Matthias Chosen to Replace Judas

12 Then they returned to Jerusalem from the mount called Olivet, which is near Jerusalem, a Sabbath day’s journey away. 13 And when they had entered, they went up to the upper room, where they were staying, Peter and John and James and Andrew, Philip and Thomas, Bartholomew and Matthew, James the son of Alphaeus and Simon the Zealot and Judas the son of James.14 All these with one accord were devoting themselves to prayer, together with the women and Mary the mother of Jesus, and his brothers.[c]

15 In those days Peter stood up among the brothers (the company of persons was in all about 120) and said, 16 “Brothers,the Scripture had to be fulfilled, which the Holy Spirit spoke beforehand by the mouth of David concerning Judas, who became a guide to those who arrested Jesus. 17 For he was numbered among us and was allotted his share in this ministry.”18 (Now this man acquired a field with the reward of his wickedness, and falling headlong[d] he burst open in the middle and all his bowels gushed out. 19 And it became known to all the inhabitants of Jerusalem, so that the field was called in their own language Akeldama, that is, Field of Blood.) 20 “For it is written in the Book of Psalms,

“‘May his camp become desolate,
and let there be no one to dwell in it’;


“‘Let another take his office.’

21 So one of the men who have accompanied us during all the time that the Lord Jesus went in and out among us, 22  beginning from the baptism of John until the day when he was taken up from us—one of these men must become with us a witness to his resurrection.” 23 And they put forward two, Joseph called Barsabbas, who was also called Justus, and Matthias. 24 And they prayed and said, “You, Lord, who know the hearts of all, show which one of these two you have chosen 25 to take the place in this ministry and apostleship from which Judas turned aside to go to his own place.” 26 And they cast lots for them, and the lot fell on Matthias, and he was numbered with the eleven apostles.

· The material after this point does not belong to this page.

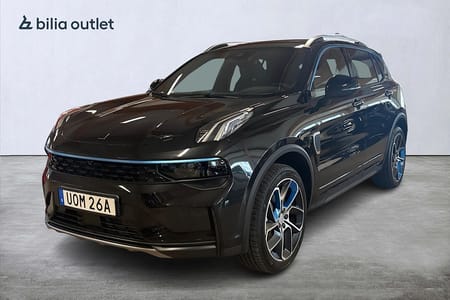 Lynk & Co 01 PHEV / Panorama / 360-kamera / Keyless / Navi / Moms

First he’s like, Judas’s actions happened for good reason. Does that mean he’s forgiven? But then he’s like, that field is cursed. Kay.

Okay, the last part is really crazy. Because we would NEVER use something like lots (or dice or cards or whatever else magical-seeming) in modern day Christianity. We’d say it’s evil, a window to demons, or something like that. When did it suddenly become wrong to pray and then ask God to let his answer be however some dice roll? Kinda don’t know what to think about all of this.